2. Materials and Methods

2.1. Study Area and Sites Description

The South Ural region is a part of the Urals, stretching from the Ufa River to the Ural River (Figure S1). From east and west, it is bounded by the East European and West Siberian plains.

The climate in the South Ural region is continental. Winter (mid-November to March) is long, severe, and clear sunny days prevail. There are blizzards and snowstorms, especially in February (2–16 days a month). Average monthly air temperature in January is −22 °C (minimum −45 °C). Sometimes, Atlantic cyclones bring thaws with sleet, rain, and fog (1–6 foggy days per month). Snow cover appears in October. The height of the snow cover in March is 40–80 cm. Spring (April to May) is cool with frosts. It is characterized by an alternation of cloudy days with rain and sleet and clear sunny days. Snow cover melts in mid-April, in some years it lasts until early May, the spring thaw lasts more than one month. Frosts occur until the first half of July. More precipitation falls on the western (windward) slopes of the Southern Urals (550–650 mm, and in some places more) than on the eastern (leeward) slopes (400–450 mm). The wettest months are in summer, when about half of the annual rainfall falls; the winter period accounts for no more than 25% of the annual rainfall.

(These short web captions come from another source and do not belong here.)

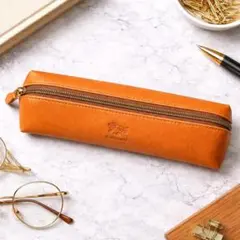 イルビゾンテ ペンケース 未使用 本革 ヤケヌメ 参考価格19,250円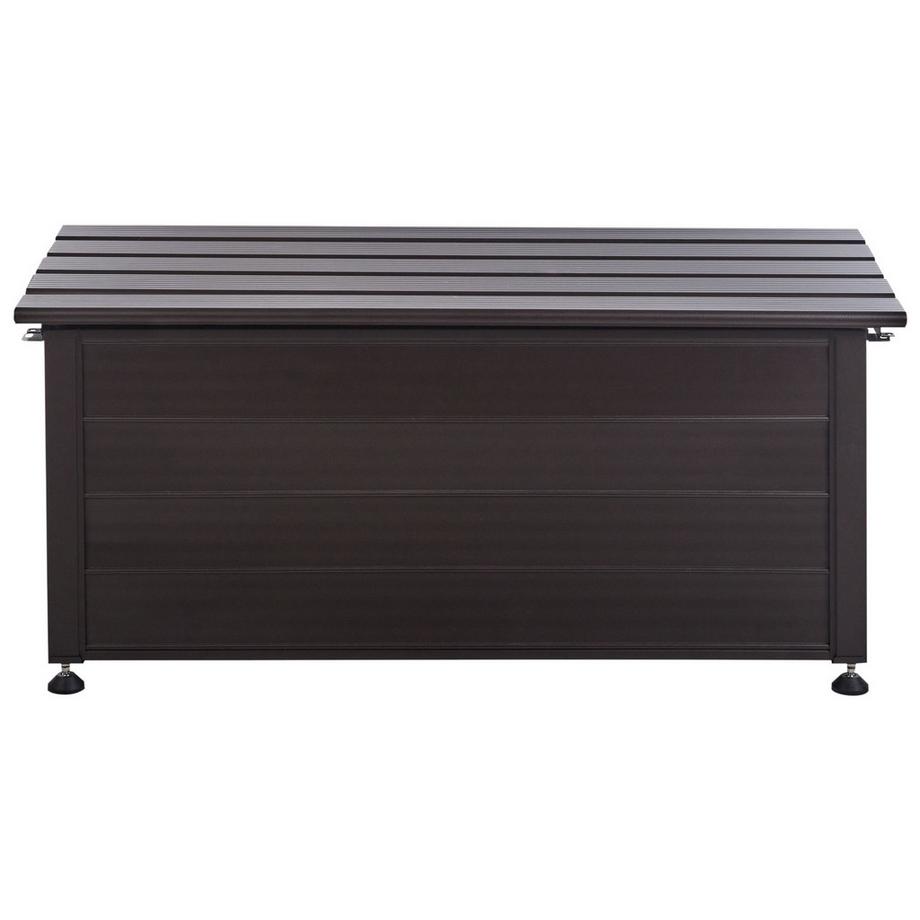 Beliani Coffre de rangement en Aluminium Moderne CAMPALTO  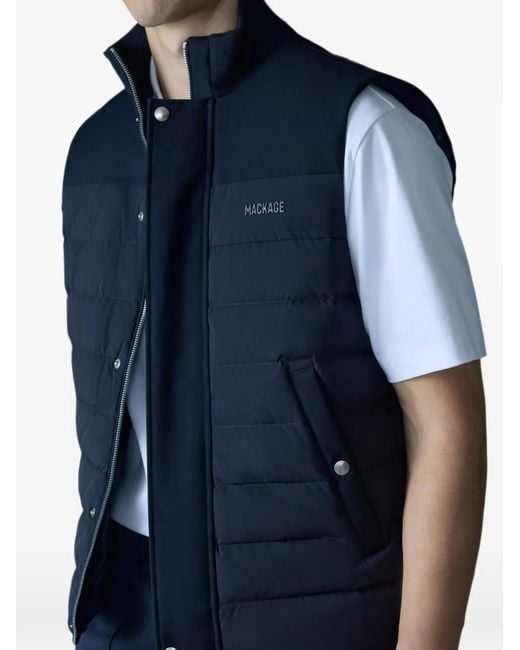 Mackage Blue Brody-Z Quilted Gilet for men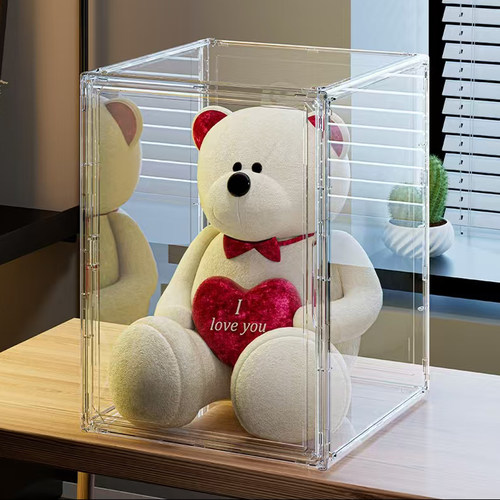 毛绒玩具收纳神器透明展示盒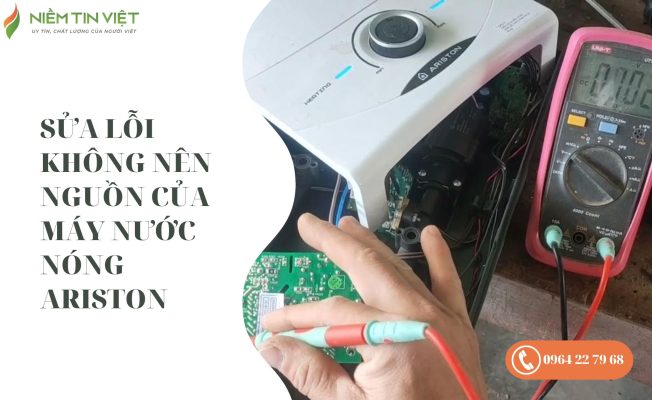 máy nước nóng Ariston không lên nguồn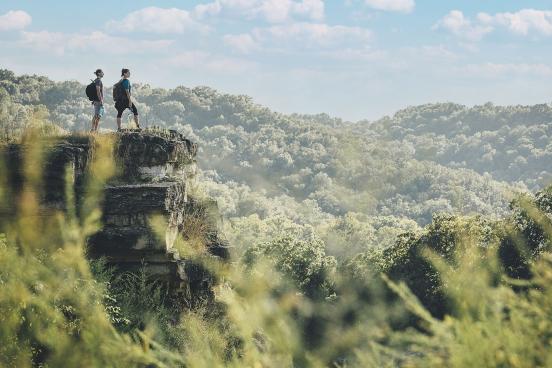 hikers in branson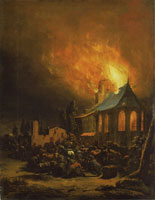 Egbert van der Poel - Looting of a Burning Village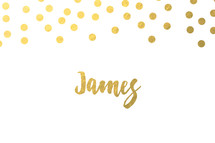 gold dot border, James 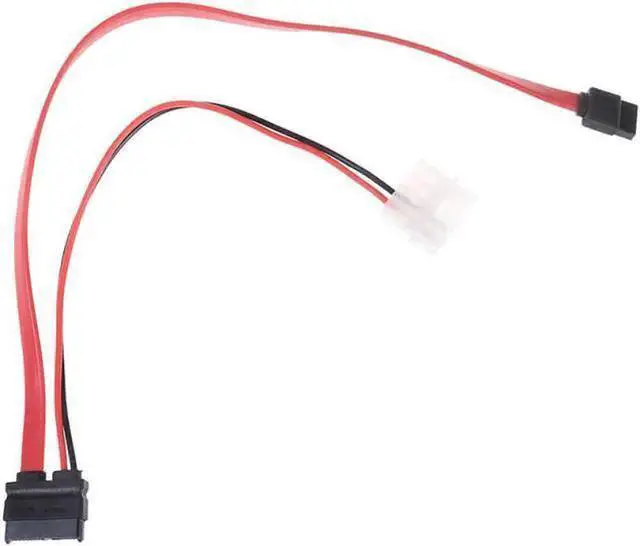 Main image of WISDUM 7 + 6 Pin Slimline SATA Cable for Slim Laptop SATA DVD CD-RW Drive Power Adapter Cable Notebook Optical Drive Cable Line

The Chelyabinsk coal basin is located along the eastern slope of the Urals. Coal seams were discovered in 1832. In 1934, the Korkinsky open-cut mine No. 1 was commissioned. It flourished in the 1970s and 1980s, when up to 3 million tons of coal were mined annually. Over the 70 years of its operation, the Korkinsky open-pit mine became one of the largest open-pit mines in Russia, the largest coal mine in Europe. Nowhere else is coal open-cut mined from a depth of 540 m. The bottom of the quarry is 250 m below sea level, and half a kilometer below the erosion base of this area. In November 2017, a decision was made to end coal mining at the Korkinsky open-pit mine. Its reclamation began in 2020. Over the past year, most spontaneous fires were stopped at the Korkinsky mine as a result of the implementation of measures for the recultivation of the area: deciduous trees were planted, the upper edge of the section was strengthened, and a fire extinguishing system was built. Currently, air quality is negatively affected by the quarry itself and the long ridge of spoil heaps resulting from many years of field development. In winter, houses in the nearby Korkino and Roza settlements are heated with coal and wood, only a small number of households are supplied with gas. This also influences the PM levels in the air.

The locations of sampling sites are shown in Figure 1. The sampling sites were chosen with a radial distribution around the Korkinsky mine and with linear distributions to assess the effects of prevailing winds and the influence of Korkino and Roza. The coordinates and site descriptions are presented in

Table 1. Location and characteristics of sampling sites.

Site	Location		Characteristics of Sampling Sites
	Latitude (N)	Longitude (E)
1	54°53′45.5″	61°25′02.9″	The sites are located directly in the Korkino settlement, near residential buildings (apartment buildings) and main highways. Several small manufacturing plants are located nearby.
2	54°53′39.4″	61°25′03.7″
3	54°53′27.2″	61°25′02.3″
4	54°54′49.6″	61°23′15.4″	The sites are located on the outskirts of the Korkino settlement, at the “zero” horizontal elevation of the landscape surface of the spoil heap
5	54°54′49.4″	61°23′04.3″
6	54°54′49.7″	61°22′37.7″
7	54°54′55.7″	61°27′03.4″	The sites are located directly in the Roza settlement, near private households. There is no heavy traffic.
8	54°54′55.6″	61°27′10.0″
9	54°54′54.6″	61°27′18.2″
10	54°55′24.1″	61°24′52.4″	The sites are more influenced by the Korkinsky mine, according to the wind rose. The former settlement of Stroitel has been resettled due to the threat of sliding and the creation of a kilometer-long sanitary zone of the Korkinsky coal mine. The adjacent territory is in a zone of active manifestations of a destructive nature. The resettlement took place in 2012–2013. All private houses were demolished in 2014.
11	54°55′32.7″	61°24′50.5″
12	54°55′47.1″	61°24′42.1″

. A flowchart showing the methodological steps for environmental characterization and analysis of snow cover is presented in Figure 2.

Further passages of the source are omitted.